**Task directions**
The lines to copy run from the one containing "Building Photo - 7231 NW 2nd Terrace" to the very end of the records; give them exactly, and only them, without pictures.
Record extracts Block Start
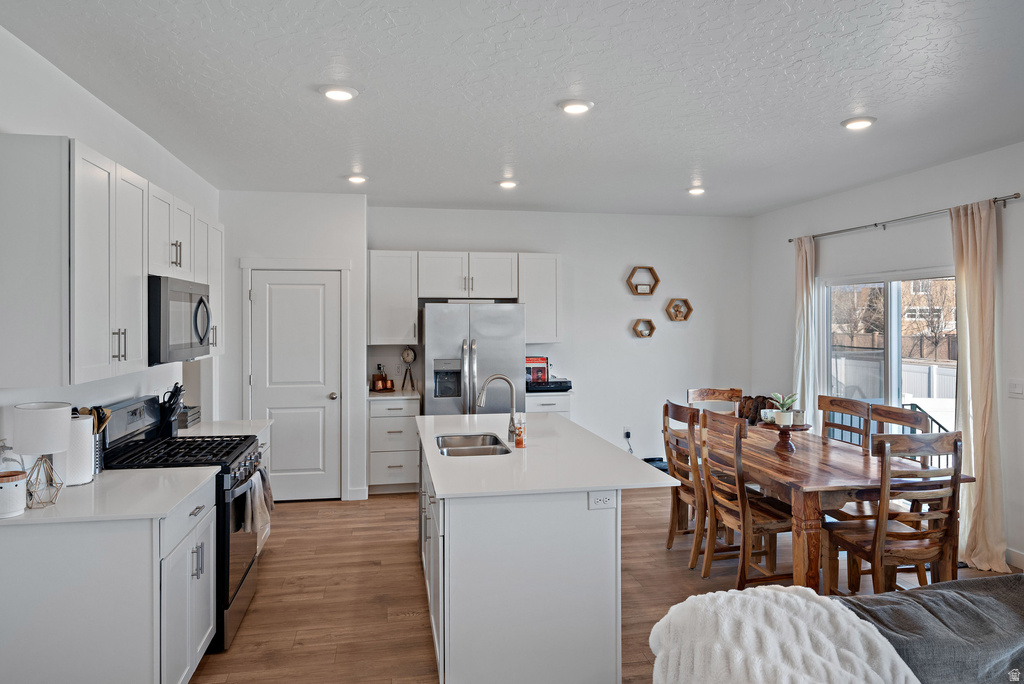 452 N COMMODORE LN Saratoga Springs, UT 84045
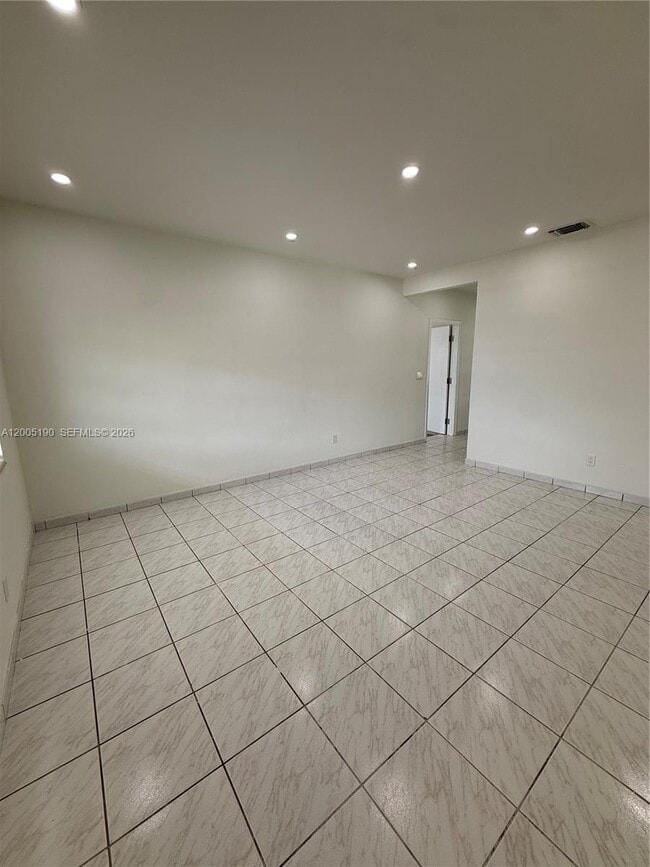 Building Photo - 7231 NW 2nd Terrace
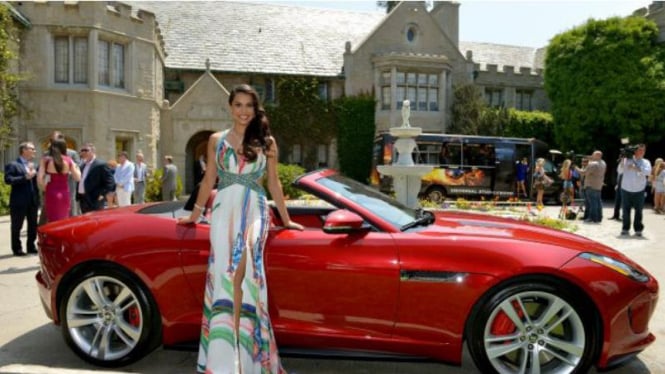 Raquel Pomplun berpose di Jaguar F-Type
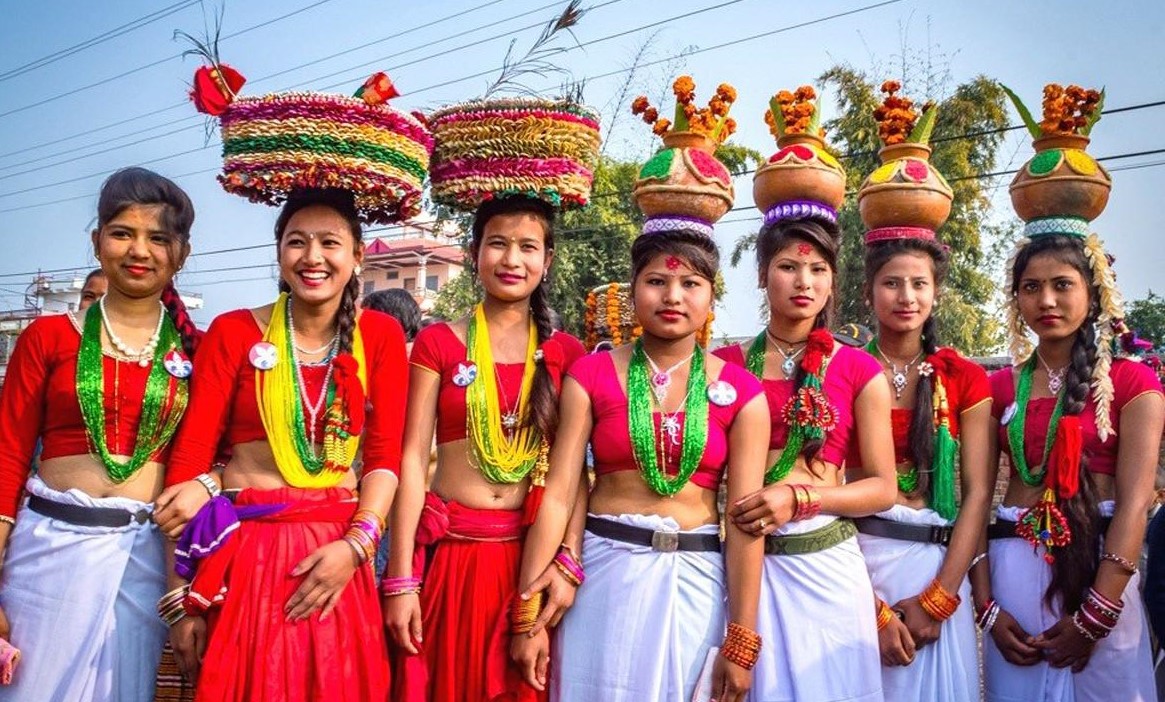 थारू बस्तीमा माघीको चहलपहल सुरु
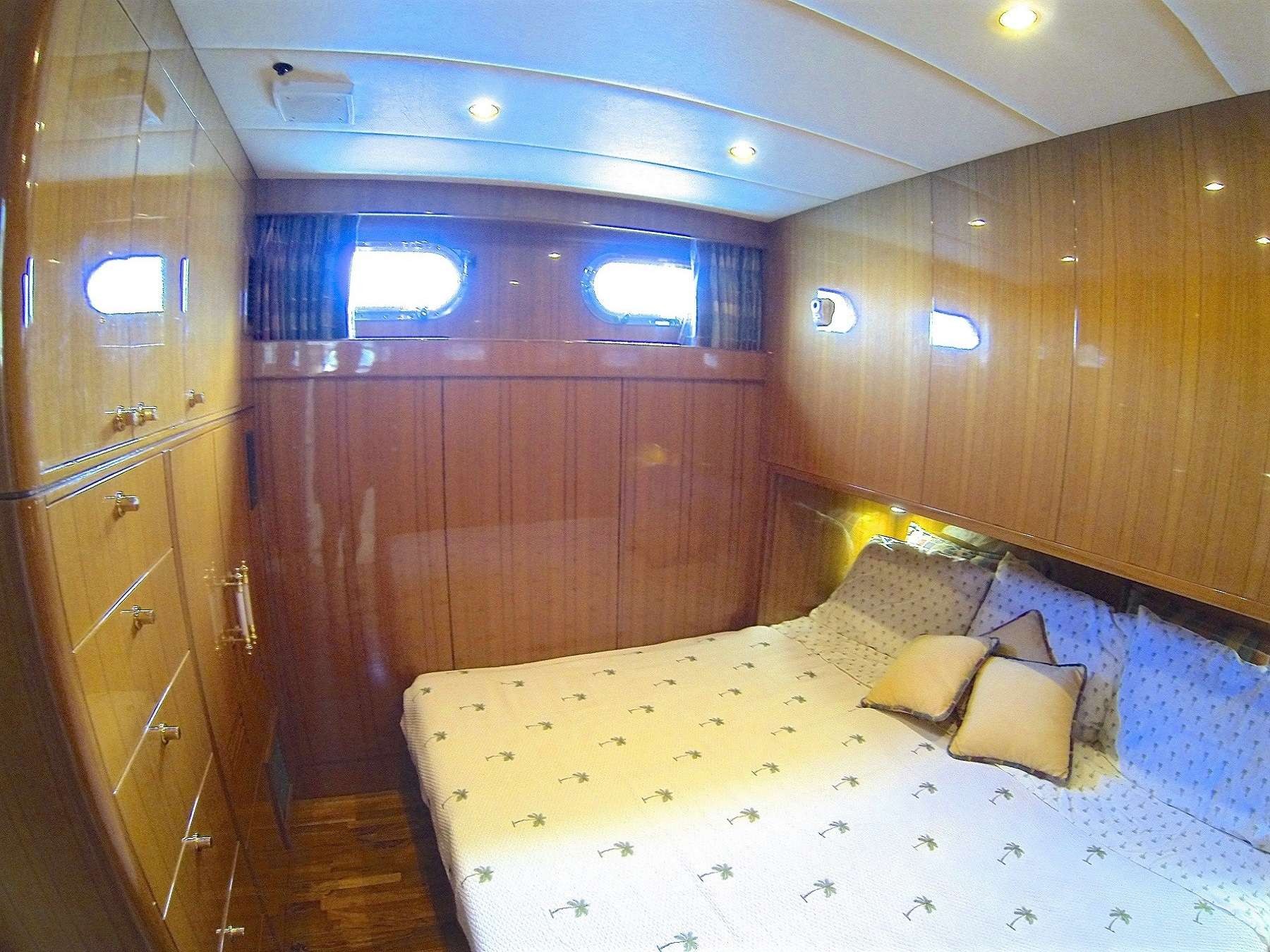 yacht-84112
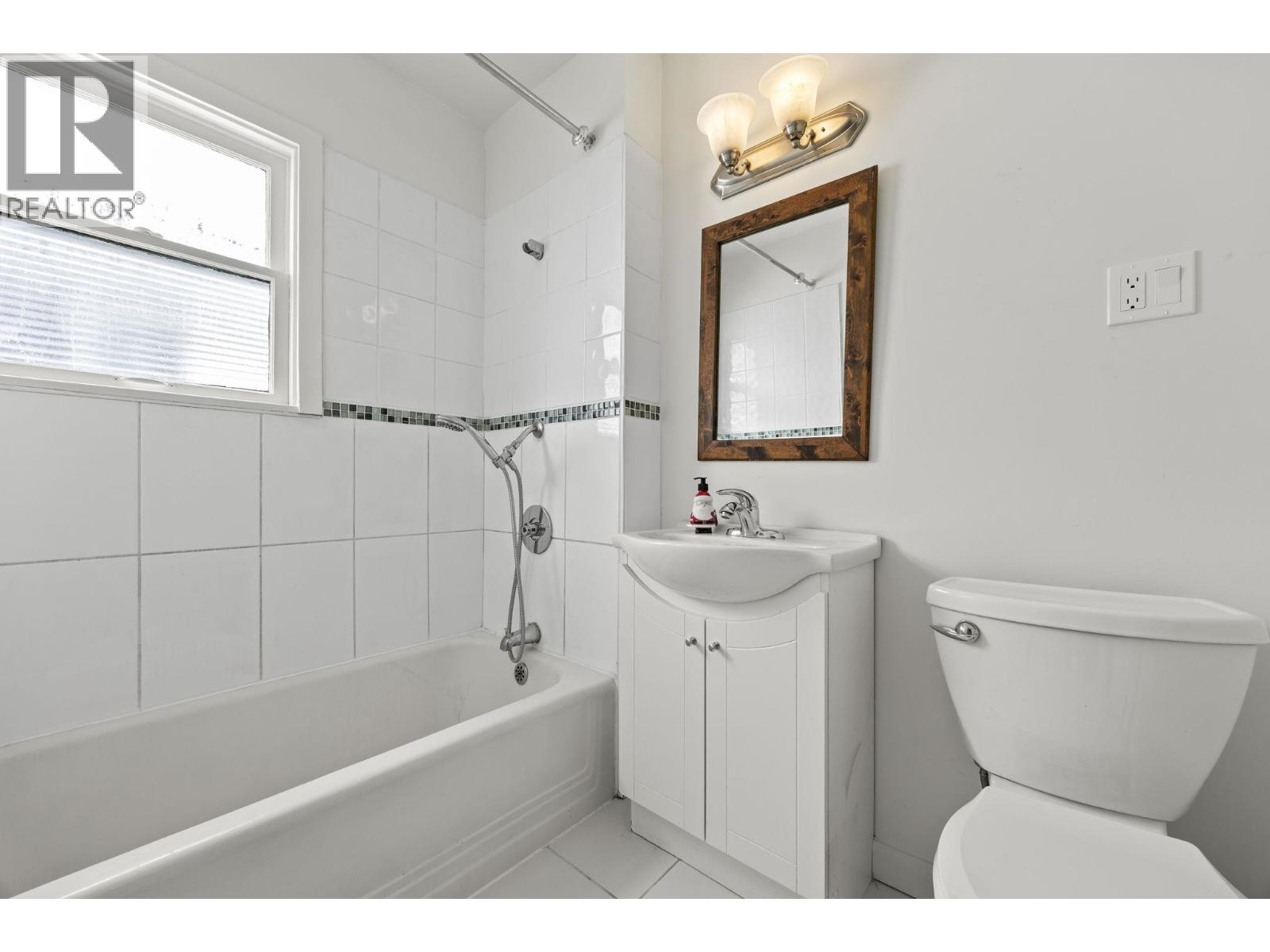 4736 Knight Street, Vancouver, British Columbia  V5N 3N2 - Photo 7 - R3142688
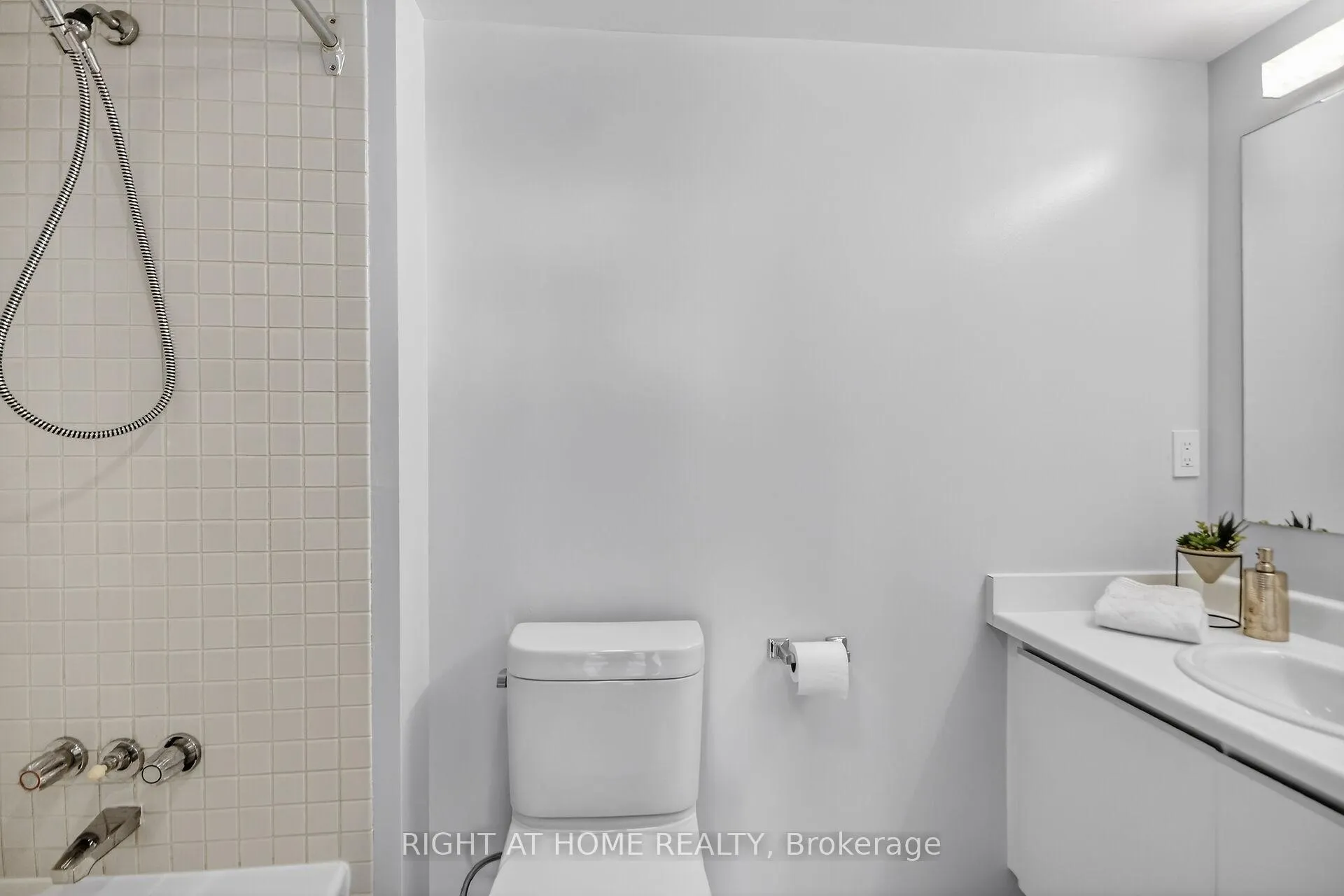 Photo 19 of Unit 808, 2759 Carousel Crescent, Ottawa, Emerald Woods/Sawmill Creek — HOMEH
Record extracts Block End
**Result of the exercise**
 Building Photo - 7231 NW 2nd Terrace
 Raquel Pomplun berpose di Jaguar F-Type
 थारू बस्तीमा माघीको चहलपहल सुरु
 yacht-84112
 4736 Knight Street, Vancouver, British Columbia  V5N 3N2 - Photo 7 - R3142688
 Photo 19 of Unit 808, 2759 Carousel Crescent, Ottawa, Emerald Woods/Sawmill Creek — HOMEH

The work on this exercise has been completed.